● **Source data**:
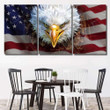 Angry North American Bald Eagle On 1 1 Eagle Animals Premium Canvas Angry North Kids Canvas Painting Set Kawaii Printable Canvas Sheets For Inkjet Printers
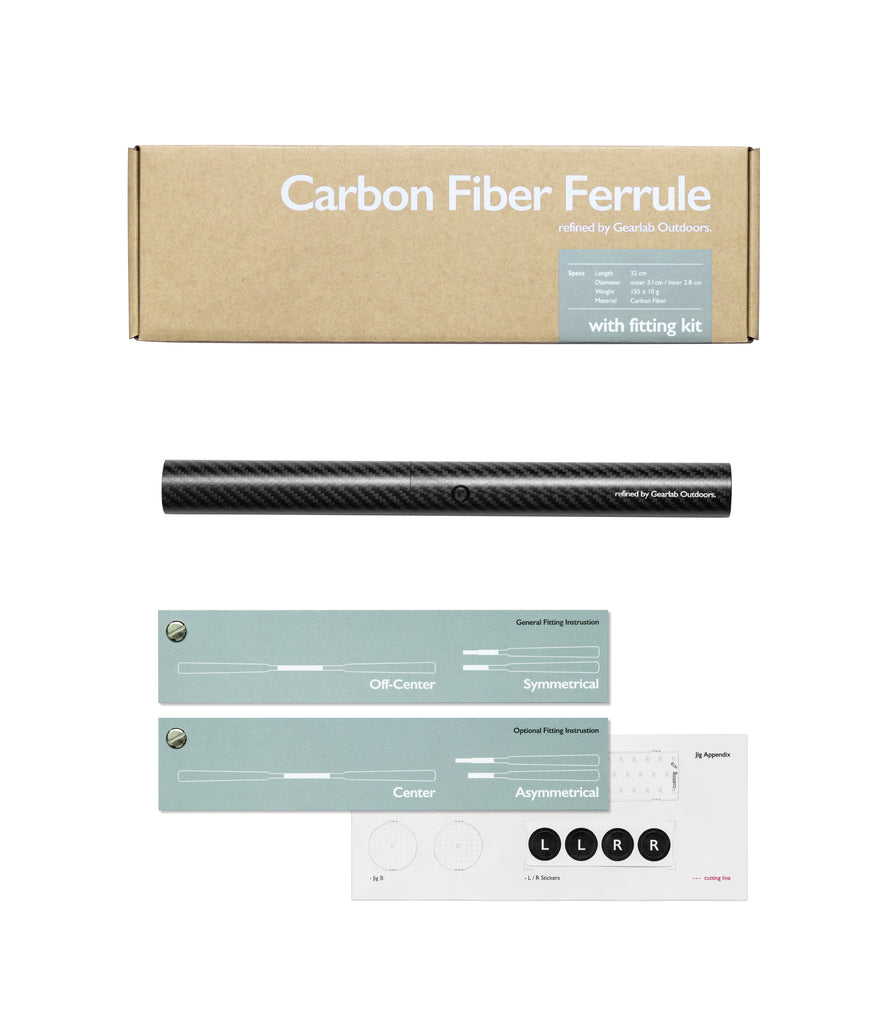 Transform Wooden Paddle into Two - Carbon Fiber Ferrule | Gearlab Outdoors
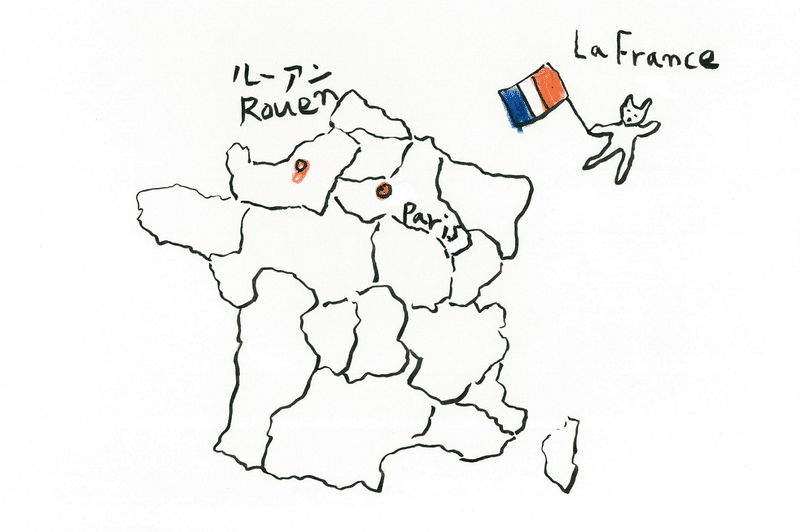 ルーアンの地図
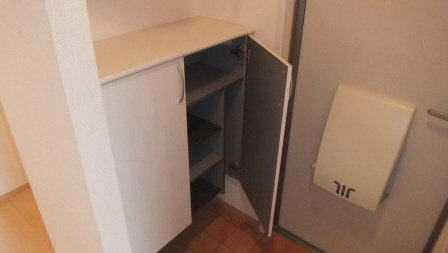 シエルブルーの玄関|下駄箱完備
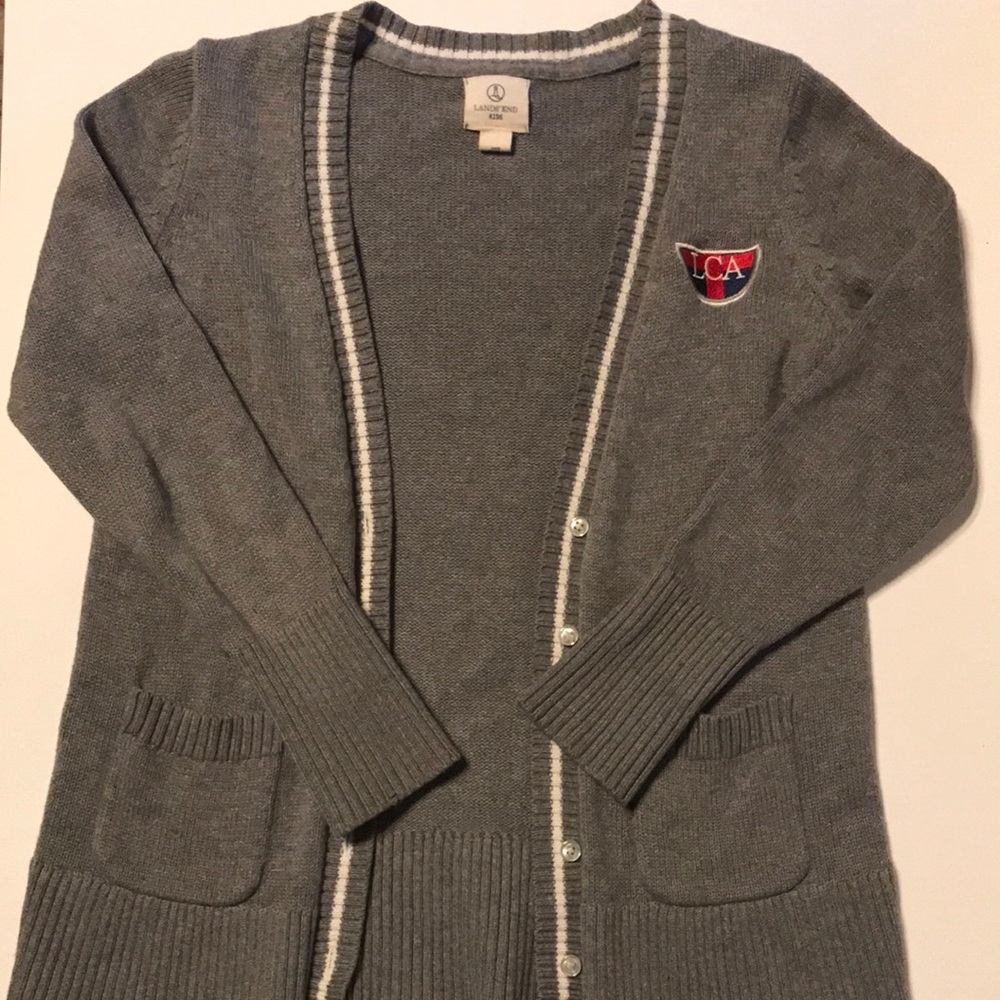LCA button front cardigan
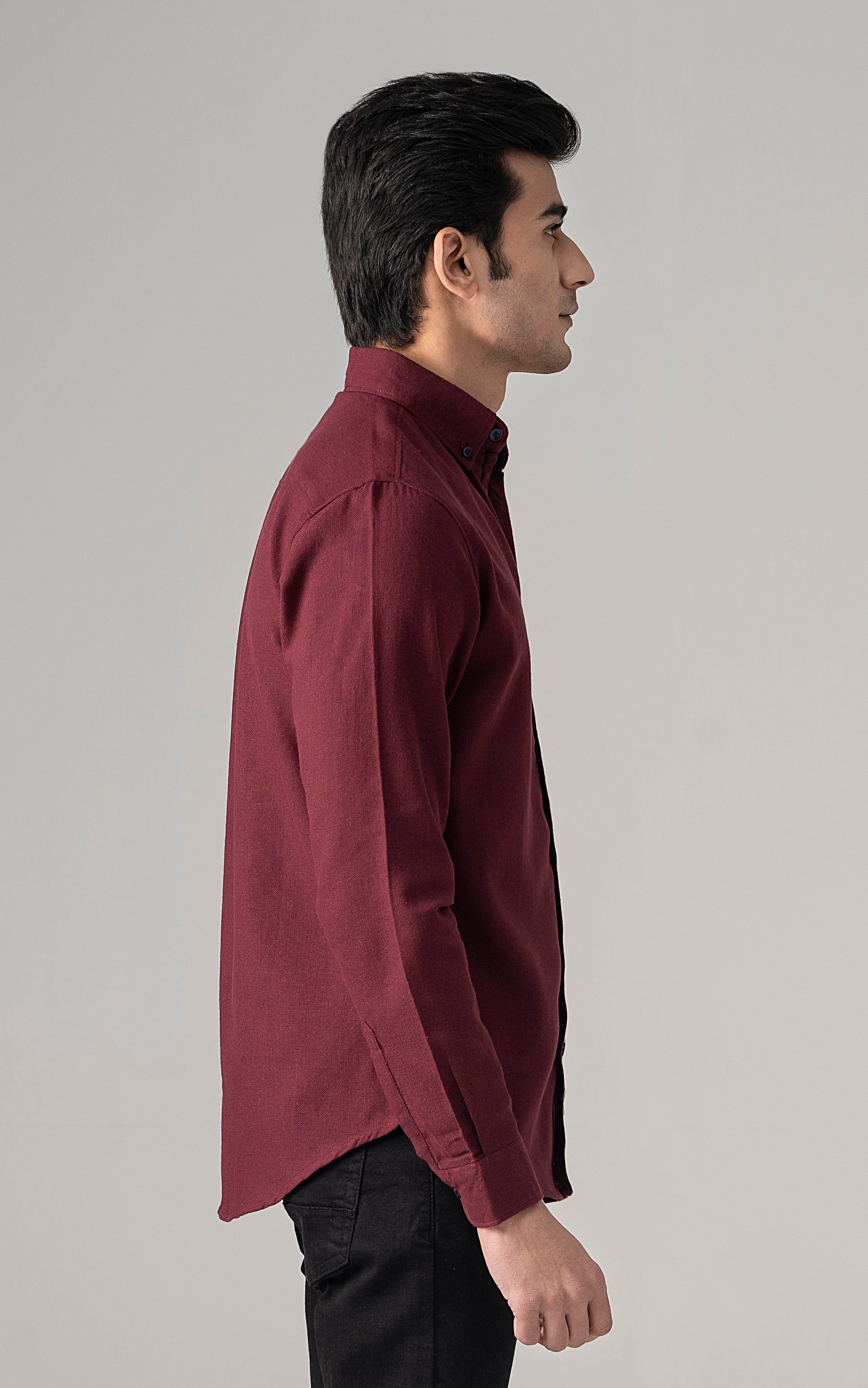 CASUAL SHIRT MAROON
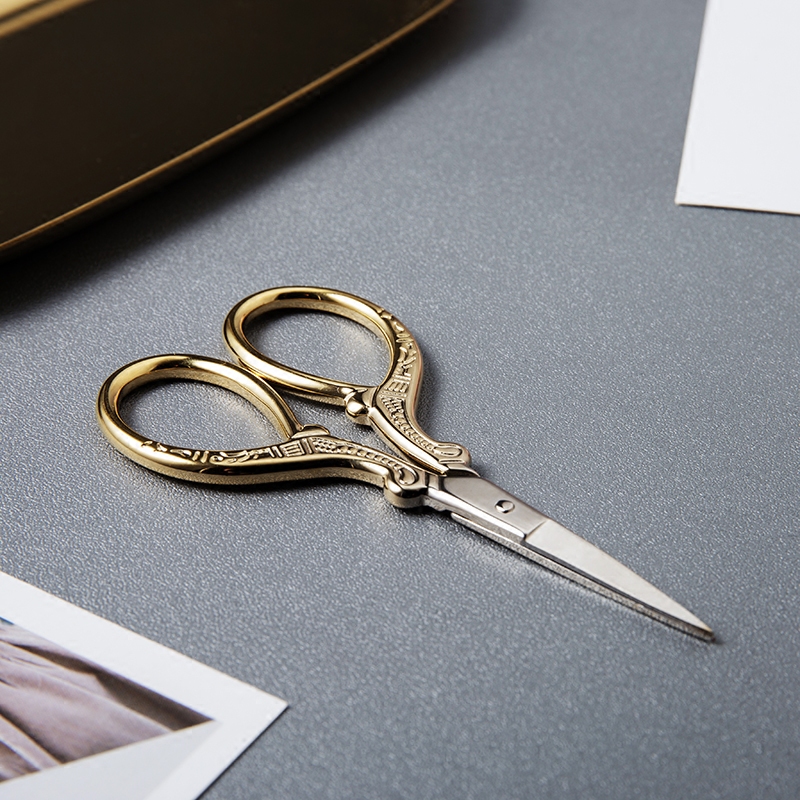 Mi Lifeng Things retro small scissors gold hand cut portable golden small number of scissors line head shears mini scissors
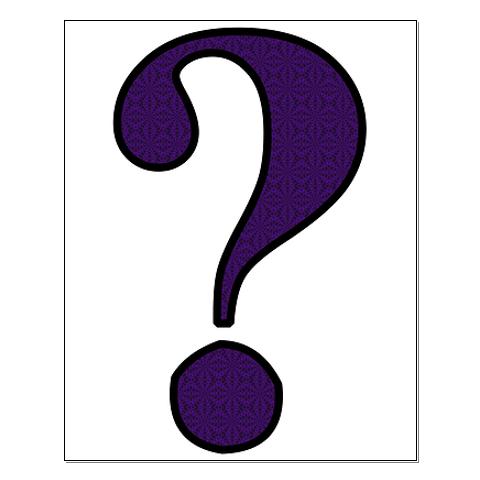 480x480 Purple Question Mark Clipart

● **What is being asked**: Please copy out the whole listing exactly as it stands, minus the pictures.

● **Your response**:
 Angry North American Bald Eagle On 1 1 Eagle Animals Premium Canvas Angry North Kids Canvas Painting Set Kawaii Printable Canvas Sheets For Inkjet Printers
 Transform Wooden Paddle into Two - Carbon Fiber Ferrule | Gearlab Outdoors
 ルーアンの地図
 シエルブルーの玄関|下駄箱完備
LCA button front cardigan
 CASUAL SHIRT MAROON
 Mi Lifeng Things retro small scissors gold hand cut portable golden small number of scissors line head shears mini scissors
 480x480 Purple Question Mark Clipart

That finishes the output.